The primary cluster is currently on 1GB Ethernet and doesn't seem to have a definition in install_server.

We may want to add ipv6, and we probably should put it on 10G Ethernet. To that end, labstore1004 is already in a 10G rack, but labstore1005 not and would need to move. ~~I doubt they have 10G Ethernet cards installed, though.~~ They have 10G cards installed, so this should be done, which implies we should re-image the servers.

There are three hardware RAID volumes on the devices. One that's around a TB for root and swap. The other two are data volumes for NFS/DRBD. I think we should leave the name-change to cloudstore out of this round. That would add a variable that would complicate the change for clients.

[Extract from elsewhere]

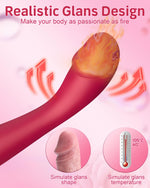 G Spot Vibrator Sex Toys for Women - Wand Vibrator Adult Female Sex Toys Personal Massager with 10 Powerful Vibrations & Heating Function, Vibrating Dildo for Clitoris Vagina and Anal Stimulation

That seems like it might be relatively simple to re-image safely. So we should:

Set up a partman recipe to reimage from
Stop backups
Stop puppet on labstore1004
Re-image to labstore1005 stretch, merging a config enabling IPv6 for firewall and DNS
Fail over to labstore1005
Re-image labstore1004 and enable puppet
Fail back to labstore1004
Re-enable backups once checks are complete

Dumps cluster

I confirmed that the nfsd-ldap custom package doesn't apply to this cluster because this cluster has all_squash set. That does allow us to upgrade to buster instead of stretch for this case. If upgrading in place, we'd best upgrade from Jessie to Stretch and then from Stretch to Buster.

If puppet was already installed, but it cannot finish the postinst script because it is trying to run its own postinst script as part of a puppet run which is part of it's postinst script, etc. run "rm /var/lib/dpkg/info/puppet.postinst" to clear that up at least

Fail over all services to labstore1006
downtime labstore1007
disable puppet on labstore1007
apt-get upgrade and dist-upgrade...check that all is ok
switch the main sources.list to stretch
upgrade/dist-upgrade
enable puppet and run until things work right
fix the broken
This will include doing sudo rm /opt/puppetlabs/facter/cache/cached_facts/operating\ system on facter 3.11
validate the config, reboot, etc.
upgrade again to buster
Fail all services over to labstore1007
Upgrade labstore1006 (wash, rinse, repeat)
Return to the usual combined services spread